謁見
いつもご愛読ありがとうございます。
メロンパンの甘い香りは焼きたてパンの中でも一番魅力的だと思います。
街中にあるメロンパン専門店の前を通ると思わず足を止めてしまいませんか?
「どうかな、ちゃんと食べてもらえてるかな?」
ショー二さんやウル、商会から一緒に来た従業員数人と待合室で着席して待つがどうにも落ち着かず不安だ。
本来なら座り心地の良い高級な椅子に身をゆっくりと預けたいところだが、それどころではなかった。
いつものより美味くできたと思うんだけど、やっぱり口に合うかどうか心配なんだよな。エッグバードのタマゴは風味が強いのに、くどくなくて使いやすいから個人的にはすごい良かったんだけど。
メロンパンを作りつつ、インスピレーションが刺激されて、カウカウ、エッグバードの材料を使って色々試したくなって内心ウズウズしていたのは内緒だ。
あー……早く店に帰って試したい!
「コムギさん、ご安心ください。
『メロンパン』なら大丈夫ですよ、我々が保証します」
不安そうにしているオレをショーニさんが優しく微笑みながらフォローしてくれる。
「そうですよ!店長!
我らの『メロンパン』なら間違いないです。
この次は何にしましょうか、楽しみですね‼」
スタッフになったウルが乗り気だ。
最初の時に比べ、あまりに雰囲気が丸くなりすぎて、回りの元同僚達はそんなウルにまだ馴れてないようだ。
その証拠に――
「あの『狂犬』と呼ばれた副会長を手なずけるとは……」
「あのクールさに憧れてたのに変わりすぎだろう……」
と言った内容のひそひそ話を商会の人らから最近よく耳にする。
――コンコン
突如、控え室のドアがノックされる。
全員無言になり、姿勢を正し立ち上がる。
「ショーニ様、国王陛下がお呼びです。
――どうぞ、こちらへ」
ショーニさんが呼び出しを受け、軽く頷く。予想だにしていない呼び出しに皆がざわつく。

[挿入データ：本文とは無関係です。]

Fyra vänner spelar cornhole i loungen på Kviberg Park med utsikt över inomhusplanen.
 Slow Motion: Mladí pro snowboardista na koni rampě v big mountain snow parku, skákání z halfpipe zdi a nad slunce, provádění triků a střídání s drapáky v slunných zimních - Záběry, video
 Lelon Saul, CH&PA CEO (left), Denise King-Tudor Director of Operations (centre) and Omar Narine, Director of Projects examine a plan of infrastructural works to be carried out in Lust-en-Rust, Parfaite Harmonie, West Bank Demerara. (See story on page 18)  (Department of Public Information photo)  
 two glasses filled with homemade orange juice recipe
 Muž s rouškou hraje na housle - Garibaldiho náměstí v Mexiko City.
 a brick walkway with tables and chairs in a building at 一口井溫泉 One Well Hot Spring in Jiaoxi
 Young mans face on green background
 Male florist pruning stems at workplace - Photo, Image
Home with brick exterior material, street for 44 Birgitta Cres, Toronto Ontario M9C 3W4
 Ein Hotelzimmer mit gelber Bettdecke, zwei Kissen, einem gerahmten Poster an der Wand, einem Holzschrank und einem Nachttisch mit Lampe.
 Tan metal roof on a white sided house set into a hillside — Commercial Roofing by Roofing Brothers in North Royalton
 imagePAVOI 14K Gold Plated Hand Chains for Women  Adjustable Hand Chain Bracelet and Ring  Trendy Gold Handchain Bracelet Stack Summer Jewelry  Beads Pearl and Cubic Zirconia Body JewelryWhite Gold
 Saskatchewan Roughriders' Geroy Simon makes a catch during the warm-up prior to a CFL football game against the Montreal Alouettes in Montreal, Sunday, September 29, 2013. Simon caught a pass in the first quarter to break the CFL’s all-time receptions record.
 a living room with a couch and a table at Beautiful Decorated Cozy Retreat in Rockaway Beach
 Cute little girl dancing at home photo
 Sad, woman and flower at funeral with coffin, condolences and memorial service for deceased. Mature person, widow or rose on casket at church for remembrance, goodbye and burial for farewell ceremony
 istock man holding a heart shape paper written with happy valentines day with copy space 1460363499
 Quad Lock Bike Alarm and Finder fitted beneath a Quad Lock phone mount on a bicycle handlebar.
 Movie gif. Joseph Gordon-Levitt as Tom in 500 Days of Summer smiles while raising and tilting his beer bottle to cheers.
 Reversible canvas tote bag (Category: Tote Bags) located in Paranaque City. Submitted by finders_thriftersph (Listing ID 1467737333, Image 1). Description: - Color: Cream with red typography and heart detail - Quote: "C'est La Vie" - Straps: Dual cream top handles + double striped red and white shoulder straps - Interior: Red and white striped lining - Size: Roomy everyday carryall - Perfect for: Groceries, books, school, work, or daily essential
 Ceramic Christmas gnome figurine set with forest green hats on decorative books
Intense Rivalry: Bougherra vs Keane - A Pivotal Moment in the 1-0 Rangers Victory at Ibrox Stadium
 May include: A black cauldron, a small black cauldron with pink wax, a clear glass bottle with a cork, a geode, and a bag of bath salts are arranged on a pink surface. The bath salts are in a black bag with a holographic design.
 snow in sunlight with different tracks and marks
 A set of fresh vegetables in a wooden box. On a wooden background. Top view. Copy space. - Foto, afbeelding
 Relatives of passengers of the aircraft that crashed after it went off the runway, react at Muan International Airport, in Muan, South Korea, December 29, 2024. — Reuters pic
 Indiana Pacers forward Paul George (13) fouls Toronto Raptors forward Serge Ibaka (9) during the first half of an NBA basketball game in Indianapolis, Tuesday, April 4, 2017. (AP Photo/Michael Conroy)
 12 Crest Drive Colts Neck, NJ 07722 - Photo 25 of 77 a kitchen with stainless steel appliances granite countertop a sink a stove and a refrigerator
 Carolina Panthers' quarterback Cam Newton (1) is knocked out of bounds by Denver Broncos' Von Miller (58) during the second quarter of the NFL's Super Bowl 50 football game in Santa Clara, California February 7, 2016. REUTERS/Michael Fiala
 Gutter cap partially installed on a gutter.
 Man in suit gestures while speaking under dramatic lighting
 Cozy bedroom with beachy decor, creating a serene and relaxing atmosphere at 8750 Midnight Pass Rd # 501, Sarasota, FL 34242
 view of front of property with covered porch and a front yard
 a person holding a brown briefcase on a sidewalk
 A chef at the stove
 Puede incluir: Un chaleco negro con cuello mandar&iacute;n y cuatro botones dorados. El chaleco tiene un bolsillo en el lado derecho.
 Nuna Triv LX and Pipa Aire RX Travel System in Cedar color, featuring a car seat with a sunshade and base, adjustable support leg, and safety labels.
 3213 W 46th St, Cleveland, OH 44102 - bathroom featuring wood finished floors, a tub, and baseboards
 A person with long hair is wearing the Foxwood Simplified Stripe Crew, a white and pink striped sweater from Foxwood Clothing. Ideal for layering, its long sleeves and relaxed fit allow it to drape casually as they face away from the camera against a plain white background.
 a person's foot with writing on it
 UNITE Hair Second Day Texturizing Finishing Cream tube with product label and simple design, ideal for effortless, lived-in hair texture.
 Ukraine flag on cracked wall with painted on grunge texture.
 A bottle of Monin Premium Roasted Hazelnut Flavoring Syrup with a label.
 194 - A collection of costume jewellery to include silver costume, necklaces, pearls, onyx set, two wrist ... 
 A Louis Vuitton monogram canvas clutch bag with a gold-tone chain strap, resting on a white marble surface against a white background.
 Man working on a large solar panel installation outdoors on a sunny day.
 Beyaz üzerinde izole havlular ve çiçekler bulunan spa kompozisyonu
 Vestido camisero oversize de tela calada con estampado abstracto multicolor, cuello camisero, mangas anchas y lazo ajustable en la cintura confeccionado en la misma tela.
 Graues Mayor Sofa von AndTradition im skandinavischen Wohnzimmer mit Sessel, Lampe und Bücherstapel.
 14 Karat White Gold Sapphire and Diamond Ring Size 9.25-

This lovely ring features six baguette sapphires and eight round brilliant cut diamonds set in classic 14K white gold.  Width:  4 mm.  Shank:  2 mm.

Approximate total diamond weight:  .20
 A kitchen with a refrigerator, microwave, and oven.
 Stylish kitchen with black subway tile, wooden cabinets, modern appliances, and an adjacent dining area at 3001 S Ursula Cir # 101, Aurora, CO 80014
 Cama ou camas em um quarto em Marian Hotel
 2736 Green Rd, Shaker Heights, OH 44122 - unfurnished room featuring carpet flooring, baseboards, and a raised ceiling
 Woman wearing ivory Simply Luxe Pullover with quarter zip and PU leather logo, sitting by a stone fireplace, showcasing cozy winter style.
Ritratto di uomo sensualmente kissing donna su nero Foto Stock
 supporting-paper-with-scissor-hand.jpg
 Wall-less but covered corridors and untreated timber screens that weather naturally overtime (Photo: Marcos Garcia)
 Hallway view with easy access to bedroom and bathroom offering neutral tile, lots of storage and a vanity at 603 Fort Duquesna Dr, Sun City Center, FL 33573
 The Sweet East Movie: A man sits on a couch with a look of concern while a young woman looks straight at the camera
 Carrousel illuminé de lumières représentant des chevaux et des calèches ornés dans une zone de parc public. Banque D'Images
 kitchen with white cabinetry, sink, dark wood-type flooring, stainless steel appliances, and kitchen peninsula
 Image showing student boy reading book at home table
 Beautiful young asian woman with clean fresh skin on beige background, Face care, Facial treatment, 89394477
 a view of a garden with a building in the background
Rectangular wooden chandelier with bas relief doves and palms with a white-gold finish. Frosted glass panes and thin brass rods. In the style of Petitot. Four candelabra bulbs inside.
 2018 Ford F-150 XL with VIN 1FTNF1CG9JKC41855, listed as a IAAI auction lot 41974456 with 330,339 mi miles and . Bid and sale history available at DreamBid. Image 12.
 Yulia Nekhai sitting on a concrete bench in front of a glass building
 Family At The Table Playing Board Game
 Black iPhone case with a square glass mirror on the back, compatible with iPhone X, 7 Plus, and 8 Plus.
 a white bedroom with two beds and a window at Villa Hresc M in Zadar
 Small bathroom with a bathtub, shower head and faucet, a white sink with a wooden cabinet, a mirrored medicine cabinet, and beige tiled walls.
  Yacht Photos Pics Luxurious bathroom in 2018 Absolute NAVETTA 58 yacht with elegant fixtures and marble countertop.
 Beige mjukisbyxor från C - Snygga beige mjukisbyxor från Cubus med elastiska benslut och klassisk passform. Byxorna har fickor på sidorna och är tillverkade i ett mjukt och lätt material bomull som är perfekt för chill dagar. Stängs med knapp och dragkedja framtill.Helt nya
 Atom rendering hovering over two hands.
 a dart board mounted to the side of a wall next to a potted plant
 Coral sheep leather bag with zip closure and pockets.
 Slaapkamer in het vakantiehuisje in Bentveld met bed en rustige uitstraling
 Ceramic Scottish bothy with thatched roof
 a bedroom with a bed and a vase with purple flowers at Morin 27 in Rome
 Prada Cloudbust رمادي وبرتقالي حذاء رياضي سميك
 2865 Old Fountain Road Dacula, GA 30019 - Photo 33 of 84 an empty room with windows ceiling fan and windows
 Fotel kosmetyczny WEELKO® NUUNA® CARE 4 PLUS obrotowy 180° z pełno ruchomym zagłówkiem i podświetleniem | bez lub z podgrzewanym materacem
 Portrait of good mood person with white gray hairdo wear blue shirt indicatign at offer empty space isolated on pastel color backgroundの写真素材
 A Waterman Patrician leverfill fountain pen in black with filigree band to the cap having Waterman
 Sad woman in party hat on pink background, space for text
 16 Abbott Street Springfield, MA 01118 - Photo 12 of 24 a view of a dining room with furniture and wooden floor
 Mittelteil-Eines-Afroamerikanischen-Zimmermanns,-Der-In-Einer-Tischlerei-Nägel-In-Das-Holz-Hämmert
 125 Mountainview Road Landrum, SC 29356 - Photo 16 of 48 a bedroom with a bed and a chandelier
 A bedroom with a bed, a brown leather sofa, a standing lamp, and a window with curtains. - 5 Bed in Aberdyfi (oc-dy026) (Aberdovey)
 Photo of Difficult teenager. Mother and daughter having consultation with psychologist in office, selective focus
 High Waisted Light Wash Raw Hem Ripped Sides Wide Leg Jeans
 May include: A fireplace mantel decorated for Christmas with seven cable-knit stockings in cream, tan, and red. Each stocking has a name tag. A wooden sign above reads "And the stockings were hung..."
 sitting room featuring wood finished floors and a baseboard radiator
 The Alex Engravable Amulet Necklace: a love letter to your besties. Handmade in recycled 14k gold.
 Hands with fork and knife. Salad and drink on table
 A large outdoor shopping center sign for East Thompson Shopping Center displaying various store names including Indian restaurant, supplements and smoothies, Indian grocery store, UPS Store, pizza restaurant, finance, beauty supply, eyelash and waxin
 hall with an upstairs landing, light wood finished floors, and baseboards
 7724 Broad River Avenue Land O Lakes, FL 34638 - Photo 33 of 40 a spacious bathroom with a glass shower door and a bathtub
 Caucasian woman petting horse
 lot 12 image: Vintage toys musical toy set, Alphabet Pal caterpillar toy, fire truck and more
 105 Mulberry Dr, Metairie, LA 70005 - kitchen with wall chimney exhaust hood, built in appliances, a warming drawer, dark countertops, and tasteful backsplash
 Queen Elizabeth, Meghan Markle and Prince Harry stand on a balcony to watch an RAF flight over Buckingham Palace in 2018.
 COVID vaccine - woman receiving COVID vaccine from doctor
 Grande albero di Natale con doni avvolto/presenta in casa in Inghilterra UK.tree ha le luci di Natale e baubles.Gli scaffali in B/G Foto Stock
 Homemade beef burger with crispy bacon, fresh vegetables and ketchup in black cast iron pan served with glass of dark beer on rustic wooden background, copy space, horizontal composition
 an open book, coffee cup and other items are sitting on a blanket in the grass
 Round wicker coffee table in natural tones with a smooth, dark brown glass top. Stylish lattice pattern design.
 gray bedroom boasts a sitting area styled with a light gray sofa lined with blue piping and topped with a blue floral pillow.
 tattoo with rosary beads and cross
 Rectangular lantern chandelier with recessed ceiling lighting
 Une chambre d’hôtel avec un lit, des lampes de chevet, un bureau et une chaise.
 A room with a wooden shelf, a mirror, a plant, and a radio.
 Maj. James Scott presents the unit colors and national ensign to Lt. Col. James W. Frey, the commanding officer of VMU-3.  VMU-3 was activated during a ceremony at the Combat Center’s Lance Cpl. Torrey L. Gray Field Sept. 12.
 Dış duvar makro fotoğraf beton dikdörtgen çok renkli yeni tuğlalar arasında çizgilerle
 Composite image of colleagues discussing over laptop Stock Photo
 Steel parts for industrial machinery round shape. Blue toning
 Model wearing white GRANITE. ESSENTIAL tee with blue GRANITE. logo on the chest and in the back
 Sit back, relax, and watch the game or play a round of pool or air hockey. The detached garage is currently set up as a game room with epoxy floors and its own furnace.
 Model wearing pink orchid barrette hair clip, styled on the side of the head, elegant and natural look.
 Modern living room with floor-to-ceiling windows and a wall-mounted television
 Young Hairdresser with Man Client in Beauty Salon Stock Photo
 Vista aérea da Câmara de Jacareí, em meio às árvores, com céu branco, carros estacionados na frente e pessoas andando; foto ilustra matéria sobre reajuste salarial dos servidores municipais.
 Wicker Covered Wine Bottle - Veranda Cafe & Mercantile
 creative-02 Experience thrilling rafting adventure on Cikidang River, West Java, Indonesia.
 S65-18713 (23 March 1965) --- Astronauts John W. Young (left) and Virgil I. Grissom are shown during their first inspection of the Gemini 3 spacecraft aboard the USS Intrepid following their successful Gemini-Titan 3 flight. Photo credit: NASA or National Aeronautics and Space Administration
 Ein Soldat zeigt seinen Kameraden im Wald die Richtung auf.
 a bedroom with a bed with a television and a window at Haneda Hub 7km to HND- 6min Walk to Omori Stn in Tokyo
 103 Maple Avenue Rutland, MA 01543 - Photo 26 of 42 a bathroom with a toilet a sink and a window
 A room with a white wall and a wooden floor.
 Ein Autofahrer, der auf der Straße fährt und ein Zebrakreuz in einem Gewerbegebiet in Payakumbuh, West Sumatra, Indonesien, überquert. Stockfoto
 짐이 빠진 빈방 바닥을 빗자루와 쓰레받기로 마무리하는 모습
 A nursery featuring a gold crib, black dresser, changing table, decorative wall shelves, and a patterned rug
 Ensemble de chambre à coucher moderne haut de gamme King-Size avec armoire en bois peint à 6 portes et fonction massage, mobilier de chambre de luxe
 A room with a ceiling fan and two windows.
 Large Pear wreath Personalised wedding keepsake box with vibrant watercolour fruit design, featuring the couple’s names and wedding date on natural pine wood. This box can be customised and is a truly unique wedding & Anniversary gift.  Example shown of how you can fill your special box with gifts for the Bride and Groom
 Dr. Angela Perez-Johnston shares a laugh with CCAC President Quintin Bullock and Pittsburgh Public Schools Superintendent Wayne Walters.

何故なら休憩時間にわざわざ呼びつけるなど《《余程の事態》》がなければあり得ないからだ。
「大丈夫かな……」
皆がざわつく中、ショーニさんがオレをちらりと見る。
「コムギさん、一緒にお願い致します」
「え、オレも?」
「はい。
『それ』も一緒に持ってきてください。」
「……わかりました。」
うぅー……緊張するな。
『これ』は実際どうなんだろうな……。
でもせっかくだ、やるだけやってみよう。
「じゃ、いってきます」
「「「頑張ってください‼」」」
◇◇◇
ウルや商会皆の応援を受け、長い廊下を歩く。
一歩、また一歩と踏みしめる、ふわふわの絨毯。足元が落ち着かない感じがするのは絨毯のせいか、それとも浮ついた気持ちのせいか。
どうやら会場は突き当たりの部屋らしい。
係の人が重そうに、装飾の施された両開きのドアが開く。
部屋の中に入ると、広い空間に貴族ならで高貴な雰囲気を纏う人達が長机にずらっと座り並んでいた。
上座にいるのが王様かな?
結構若い。
金髪碧眼の美しい顔立ち、外国人スターって印象だ。
歳はオレより下、20代だろうか。
横には執事の人がいる、なぜかすごい元気がないけど体調悪いのかな?
――あ、国王の右手側の席にアンさんの父であるオイル公爵が座っている。ふと目が合い互いに軽く会釈する。
「商会代表、ショーニ参りました。
こちらに控えますは、この料理を作った者でございます」
「コムギ・ブレッドと申します」
事前にショーニさんに教えてもらった通り、恭しく臣下の礼を取る。
「ショーニ、よくぞ参った。
初めて見る料理だ。非常に興味深い、のだが
1つ頼みがある。
……お代わりはないか?
この執事が毒見といいながら全部食べてしまったのだ。
まったくけしからん」
「誠にっ、申し訳ありませんっ‼‼」
だから元気なかったのか。
よほど叱られたらしい。
控え室から補充分を持ってきてよかったな。この反応から察するに『これ』の出番もありそうだ。